Y’a pas à dire, le death metal : ça conserve ! Du haut de ses vingt-six ans d’âge, ABORTED traverse en effet vents et marées avec une ferveur, une abnégation qui force le respect et son capitaine émérite, Sven de Caluwé, en est le principal artisan. Le revoilà sur le devant de la scène avec un line-up inchangé trois ans pile-poil après la sortie d’un « Terrorvision » en roue libre, qui n’avait pas fait l’unanimité auprès de son public habituel. Les Belges avaient donc à cœur de proposer un nouvel album qui rallierait les hordes à sa noble cause brutal death. C’est chose faite aujourd'hui avec ce onzième album, « Maniacult », qui vient chatouiller les tympans des amateurs de sauvagerie éclairée.

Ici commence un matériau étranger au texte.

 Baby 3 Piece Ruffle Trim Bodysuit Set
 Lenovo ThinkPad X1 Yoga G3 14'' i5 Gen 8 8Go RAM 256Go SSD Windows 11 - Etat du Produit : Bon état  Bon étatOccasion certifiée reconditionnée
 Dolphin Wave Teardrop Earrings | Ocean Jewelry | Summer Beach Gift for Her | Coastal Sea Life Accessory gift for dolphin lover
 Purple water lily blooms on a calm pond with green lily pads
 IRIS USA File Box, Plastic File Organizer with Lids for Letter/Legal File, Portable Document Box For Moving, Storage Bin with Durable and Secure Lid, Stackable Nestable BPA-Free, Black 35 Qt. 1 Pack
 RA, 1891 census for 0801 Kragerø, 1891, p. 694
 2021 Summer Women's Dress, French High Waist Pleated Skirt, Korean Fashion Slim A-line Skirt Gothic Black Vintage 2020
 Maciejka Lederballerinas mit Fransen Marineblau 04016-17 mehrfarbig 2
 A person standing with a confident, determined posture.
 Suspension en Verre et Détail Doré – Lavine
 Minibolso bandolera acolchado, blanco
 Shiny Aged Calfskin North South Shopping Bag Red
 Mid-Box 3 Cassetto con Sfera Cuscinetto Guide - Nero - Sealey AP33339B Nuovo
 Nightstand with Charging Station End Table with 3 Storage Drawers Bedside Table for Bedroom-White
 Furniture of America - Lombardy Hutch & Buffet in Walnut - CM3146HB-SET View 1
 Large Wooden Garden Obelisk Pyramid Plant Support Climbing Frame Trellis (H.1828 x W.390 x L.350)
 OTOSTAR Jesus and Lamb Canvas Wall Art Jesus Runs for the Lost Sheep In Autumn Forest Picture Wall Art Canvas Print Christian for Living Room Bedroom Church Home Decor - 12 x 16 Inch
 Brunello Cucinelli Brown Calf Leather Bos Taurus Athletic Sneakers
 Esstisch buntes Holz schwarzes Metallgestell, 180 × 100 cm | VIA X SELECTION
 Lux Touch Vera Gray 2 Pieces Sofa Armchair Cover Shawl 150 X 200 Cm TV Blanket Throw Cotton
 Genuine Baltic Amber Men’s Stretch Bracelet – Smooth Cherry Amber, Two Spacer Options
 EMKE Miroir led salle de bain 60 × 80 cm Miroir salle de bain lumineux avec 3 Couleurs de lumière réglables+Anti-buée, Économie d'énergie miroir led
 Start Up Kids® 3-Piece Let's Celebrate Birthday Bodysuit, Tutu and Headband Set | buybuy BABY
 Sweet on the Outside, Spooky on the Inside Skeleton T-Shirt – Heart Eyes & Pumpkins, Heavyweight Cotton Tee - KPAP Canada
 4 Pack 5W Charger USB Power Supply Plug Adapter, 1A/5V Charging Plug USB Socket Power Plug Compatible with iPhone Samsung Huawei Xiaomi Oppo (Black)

Premier constat sans appel à l’écoute de ce nouveau méfait : Sven est toujours irréprochable sur ses growls, profonds et hargneux, qui font de lui l’un des représentants les plus convaincants à ce poste tous groupes confondus. Quant au guitariste Ian Jekelis, celui-ci délivre ici une partition de haute volée gorgée de riffs zig-zag dantesques pendant que Stefano Franceschini, bassiste, se révèle une fois de plus indispensable à son poste. Inutile de préciser aussi que Ken Bedene cogne sur ses fûts avec un doigté digne des meilleurs. Et un rapide coup d’œil sur l'artwork, à nouveau signé Par Olofsson, achève de rassurer le fan tant celui-ci est juste dans le ton, apocalyptique à l’image de la musique du groupe de Beveren. Le cahier des charges du top brutal death est bien respecté à la lettre et met à l’honneur un ABORTED qui prouve qu’il en a encore sous la (double) pédale. La preuve ne se fait pas attendre avec ce "Verderf" d’ouverture, massif, qui fait place nette pour une doublette "Maniacult" / "Impetus Odi" destinée à enflammer les pits à coup sûr ! "Portal To Vacuity " pousse le bouchon encore plus loin à grand renfort de grind et d’un soupçon de mélodie black metal. "Dementophobia" plie le match, en proposant une relecture heavy sur les bords qui lui sied à merveille.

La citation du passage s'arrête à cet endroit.